**HOW TO COMPLETE THIS TASK**
In the copy, every line of the material that follows must appear exactly, and no pictures should.

##### DATASET CONTENT

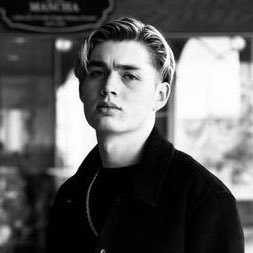 Luciano en Madre de Alquiler #netflix , Romeo en El Amor Invencible | Escucha UNA NO ES NINGUNA 🎶#LuisArturo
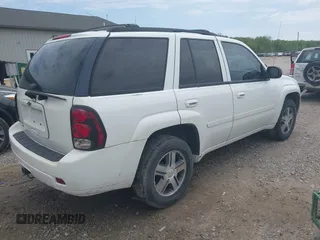 2008 Chevrolet TrailBlazer 3LT with VIN 1GNDT13S682200464, listed as a IAAI auction lot 42150311 with 150,149 mi miles and . Bid and sale history available at DreamBid. Image 4.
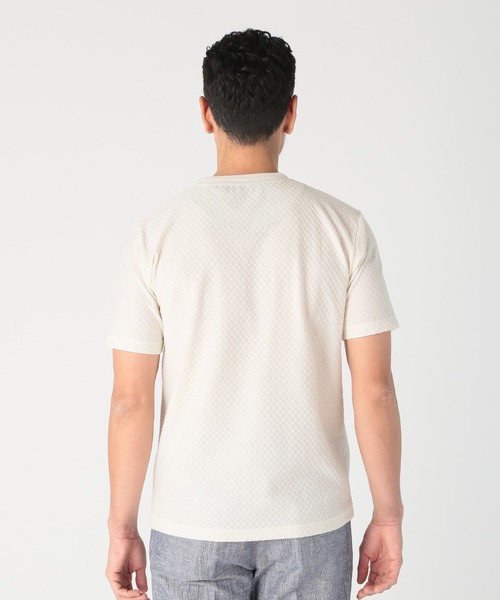 MEN'S BIGI(メンズビギ)の「シャーリングジャカードクルーネックカットソー(Tシャツ/カットソー・メンズ・ホワイト/ブラック/ブルー・01/02/03/04)」の12枚目の写真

##########

**RESPONSE**
 Luciano en Madre de Alquiler #netflix , Romeo en El Amor Invencible | Escucha UNA NO ES NINGUNA 🎶#LuisArturo
 2008 Chevrolet TrailBlazer 3LT with VIN 1GNDT13S682200464, listed as a IAAI auction lot 42150311 with 150,149 mi miles and . Bid and sale history available at DreamBid. Image 4.
 MEN'S BIGI(メンズビギ)の「シャーリングジャカードクルーネックカットソー(Tシャツ/カットソー・メンズ・ホワイト/ブラック/ブルー・01/02/03/04)」の12枚目の写真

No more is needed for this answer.